In the 1980s I published an antidote to the Marx Manifesto. A similarly slim volume, it was entitled “The Popular Capitalist Manifesto”.
I accepted Marx’s tenth proposal, free education for all children. I stood most of the other Marxist proposals on their head to recommend policies which could promote the freedom and prosperity Marxism repressed.
In place of the abolition of private property I proposed Everyone an owner, everyone a shareholder – wider ownership.
In place of a heavy progressive Income Tax I proposed lower tax rates for all earners.
In place of preventing inheritance I proposed a multigenerational society where property can be passed relatively easily from one generation to the next.
In place of centralising credit in the hands of the state I proposed the ending of exchange controls, the conduct of a prudent monetary policy, competitive private sector banks and the reduction of state borrowing and debts.
In place of more nationalisation and state control I proposed more competitive private enterprise
In place of enforced movement of labour and state control of production I favoured freer markets, freedom to work and to invest as you chose.

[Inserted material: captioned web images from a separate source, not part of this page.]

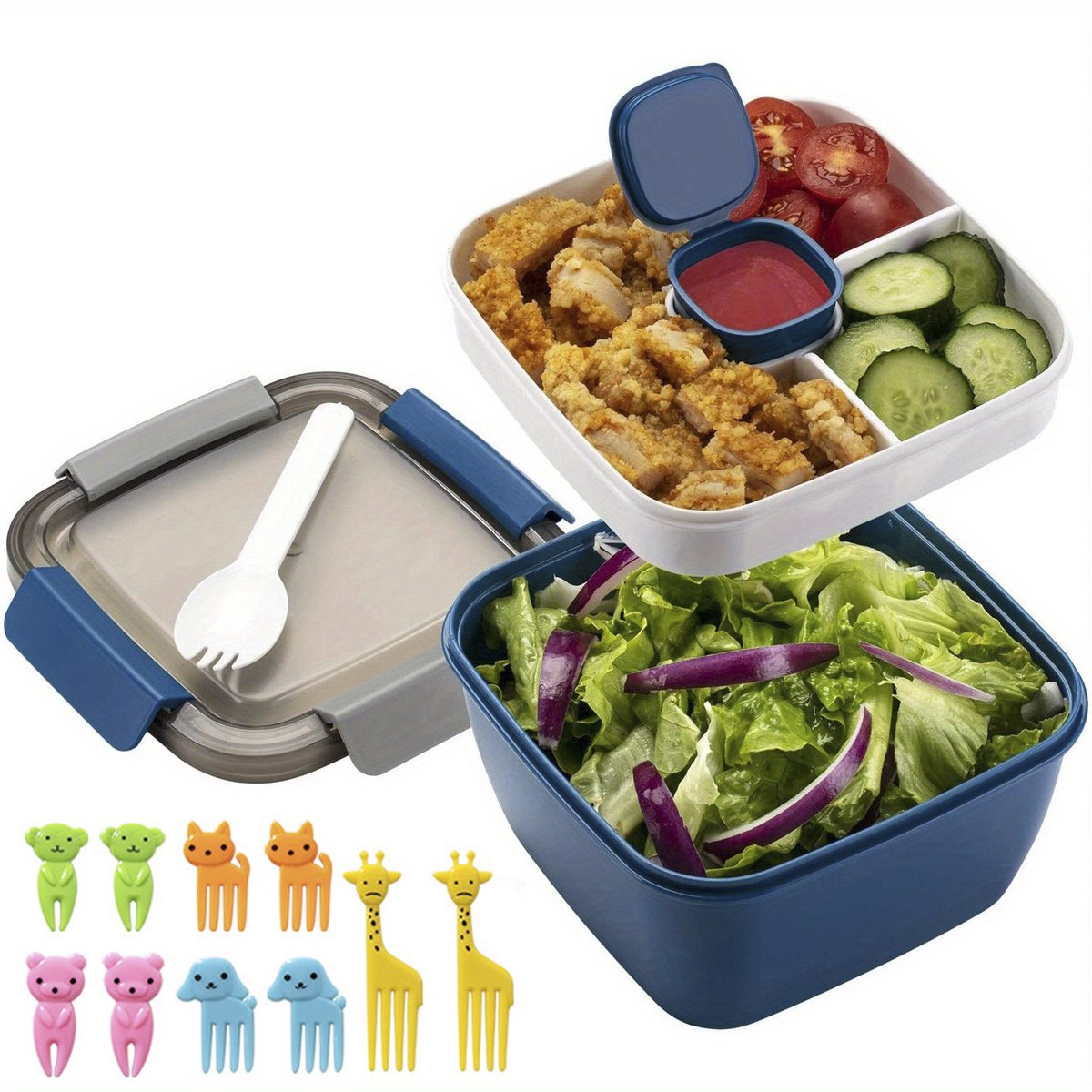 Magnetron lunchbox lunchbox met vakken en grote inhoud voor studenten lunchbox milieuvriendelijke vierzijdige gesp koelkast pp vershoudbox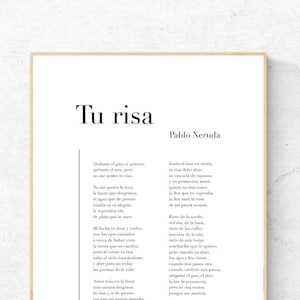 Tu risa de Pablo Neruda - Spanish Poetry Printable Poster, Instant Download, Home Decor, Digital Wall Art, Modern Print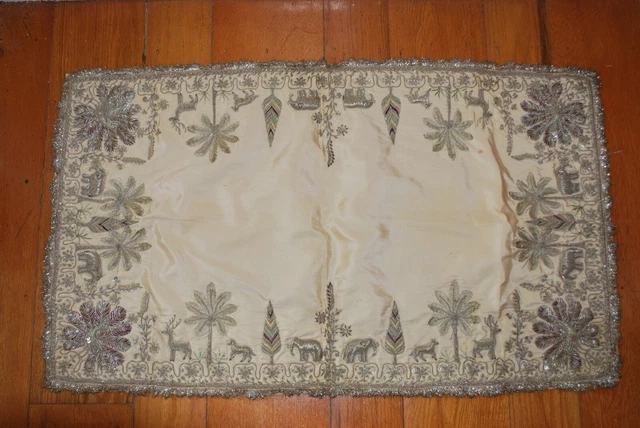 19th Century UNIQUE and RARE Burmese METALLIC THREAD Tapestry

In place of industrial armies I proposed a sensible welfare system allied to freedom to chose your employment
In place of nationalising the commanding heights I favoured more private sector involvement in the economy.
In place of the state forcing town and country together, I proposed roles for the state in maintaining law and order and defending the state from threats.
My slim volume was of interest to the eastern European states emerging from the long winter of communist tyranny. I went to several of the newly freed countries to talk to them about the transition to a freedom loving democracy backed by a free enterprise economy.